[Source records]

====

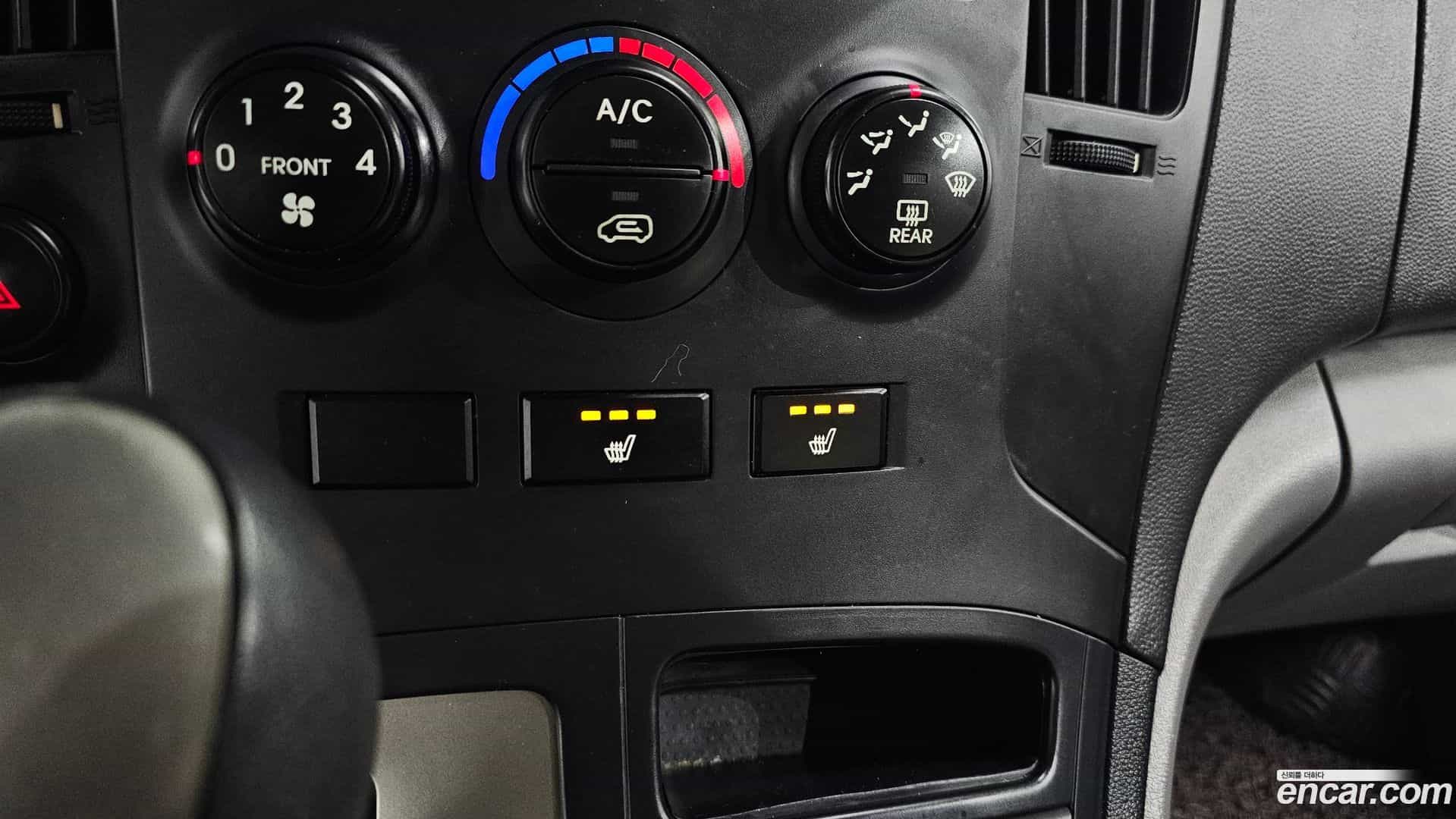 Starex Hyundai 2014.2-OPTION-019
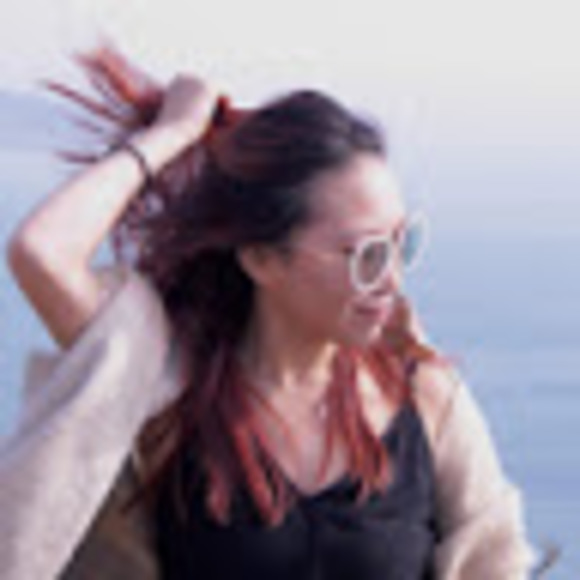 Profile Picture of Murial Wang (@murialwang) on Poshmark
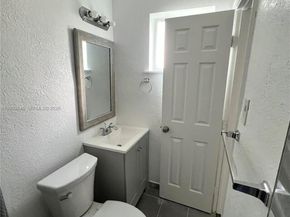 590 NW 40th Ct 3, Oakland Park FL 33309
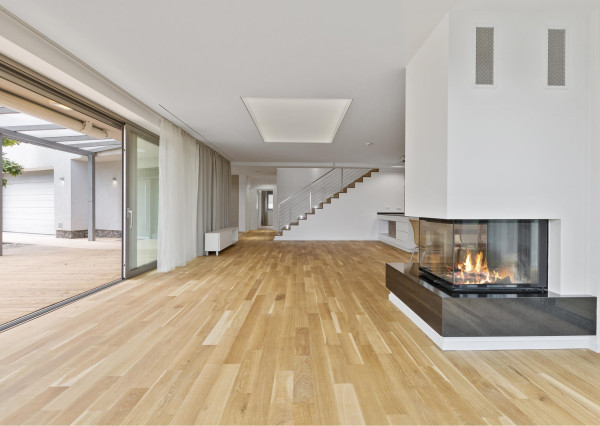 FRANK ZICHER – Predávame rodinnú vilu vo vysokom štandarde na Bratislavskej Kolibe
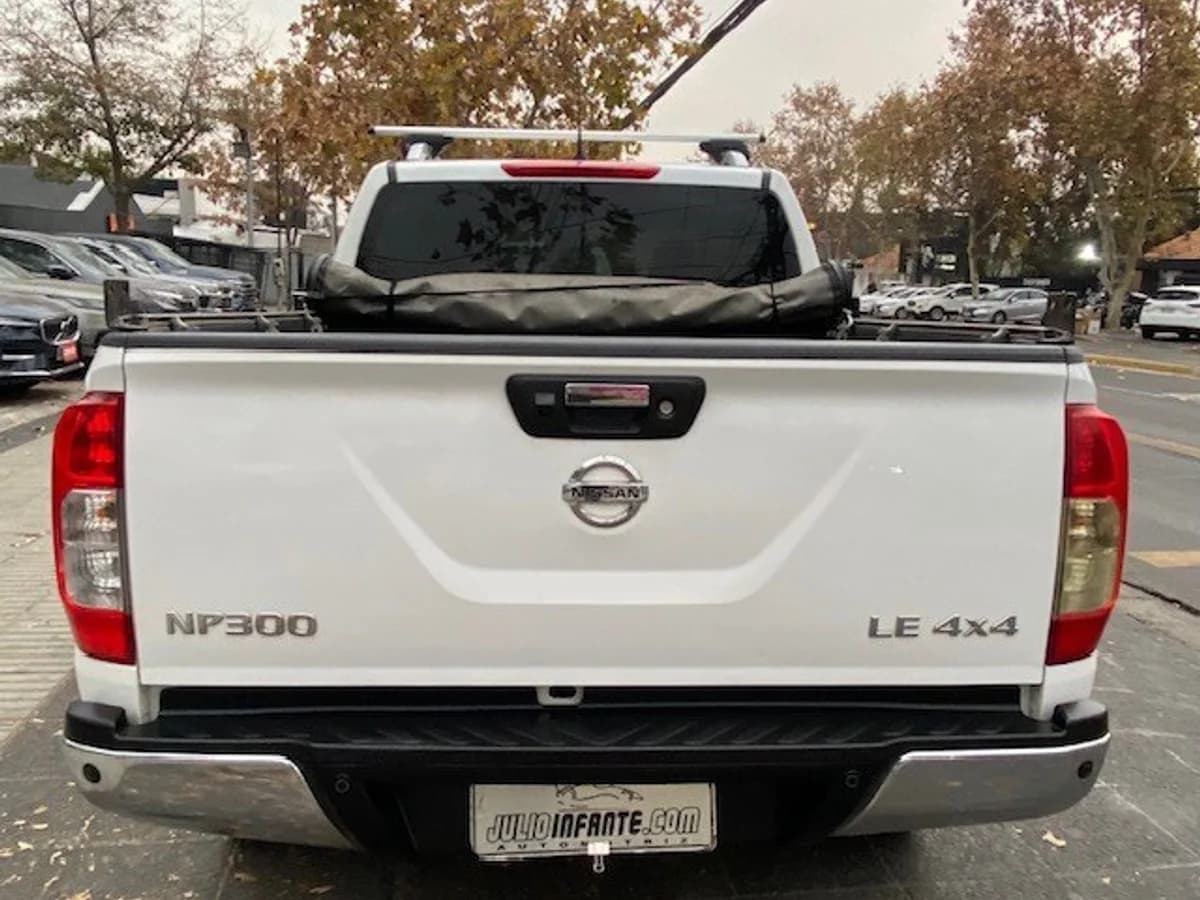 NISSAN NP300 4x4 2.3 Autom. 1 dueño. 2019 - Imagen 8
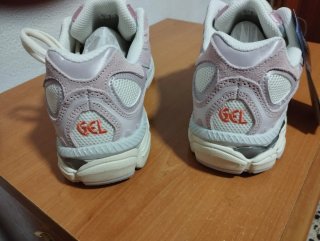 Zapatillas Asics rosas y blancas Talla 39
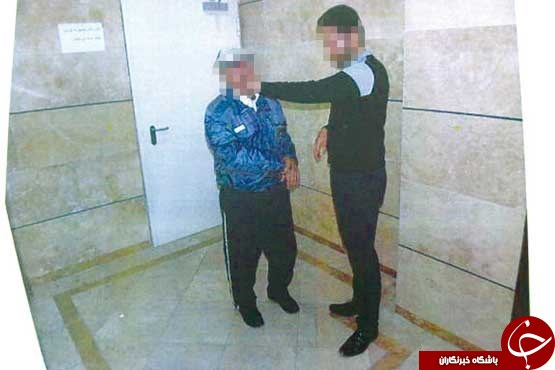 تصاویر بازسازی صحنه قتل نگهبان در مجتمع مسکونی تصاویر بازسازی صحنه قتل نگهبان در مجتمع مسکونی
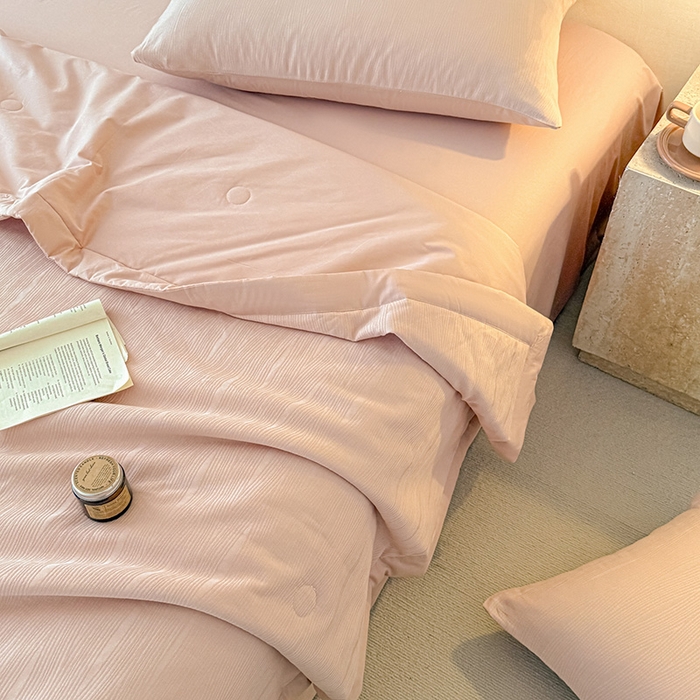 91家纺网 家纺一手货源 找家纺 一加一 2026新款全棉纯棉三层纱色织提花大豆夏被四件套-云棉肌理 佐冉（粉金）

====

▶ [EXERCISE BRIEF] Once the line containing "590 NW 40th Ct 3, Oakland Park FL 33309" is found, write out exactly that line and each line after it through the end of the entries, omitting pictures.

▶ [RESPONSE FOR THIS EXERCISE]
 590 NW 40th Ct 3, Oakland Park FL 33309
 FRANK ZICHER – Predávame rodinnú vilu vo vysokom štandarde na Bratislavskej Kolibe
 NISSAN NP300 4x4 2.3 Autom. 1 dueño. 2019 - Imagen 8
 Zapatillas Asics rosas y blancas Talla 39
 تصاویر بازسازی صحنه قتل نگهبان در مجتمع مسکونی تصاویر بازسازی صحنه قتل نگهبان در مجتمع مسکونی
 91家纺网 家纺一手货源 找家纺 一加一 2026新款全棉纯棉三层纱色织提花大豆夏被四件套-云棉肌理 佐冉（粉金）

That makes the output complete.